So, Troy, tell us a little about the prototype rod.
It’s an 8′ 3″ nine-weight. I was looking for an action that was fast but wouldn’t feel too stiff, and load nicely with the lines we were hoping to use. We played around with the taper and length of the blank, and settled on eight-feet three-inches as the sweet spot. Nine feet is the standard for saltwater graphite rods, but with bamboo the shorter length really improves the feel, making the rod noticeably quicker and lighter in the hand. A relatively stiff tip helps in keeping loops small and driving casts into the wind, and is a big help when picking line up off the water.
Some of the Sans Pereil rods you’ve produced lately have been hollow-built, how about this one?
I thought about it, because it is a fairly beefy blank and I knew it would keep the weight down, but in the end I opted for a solid build to maintain as much strength as possible for fighting fish. I also added to the swell to give more lifting power.

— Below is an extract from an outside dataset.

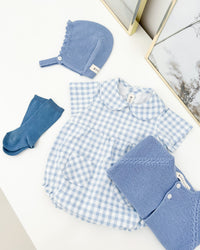 Romper bleu et veste (2 pièces)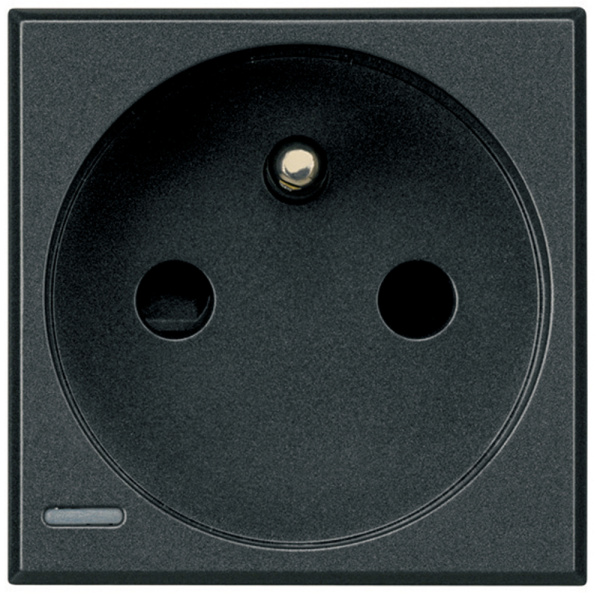 Купить BT Axolute Антрацит Розетка с/з с защитными шторками,10/16 А 250 В,французский стандарт HS4142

The blank is resin-impregnated and polished, making it saltwater resistant and easy to maintain in the type of environment you get on a flats skiff – being slid in and out of rod holders and the occasional run-in with a hook. There’s no varnish layer to break – the finish goes all the way through the rod – so slight damage can just be buffed out.
Tell us about the trip.
It was fantastic. We had a perfect day for the kind of fishing we wanted to do, and Jaime put us on plenty of fish. It’s such a complex shoreline around the Vineyard it seemed like there was always a spot nearby that had just the right tide, sun and wind direction to find fish. Jaime made it look easy, but he’s put a lifetime into learning the shifting patterns around the island. The shoreline changes every year – winter storms open new breaches into salt ponds and fill in old ones – so local knowledge is key.
We got into fish from 18 to 32 inches, and saw some that were bigger, over 36 inches. Schools were anywhere from two fish to more than a hundred, and remember this is in really thin water – sometimes only a foot deep – and crystal-clear, so it was quite a sight.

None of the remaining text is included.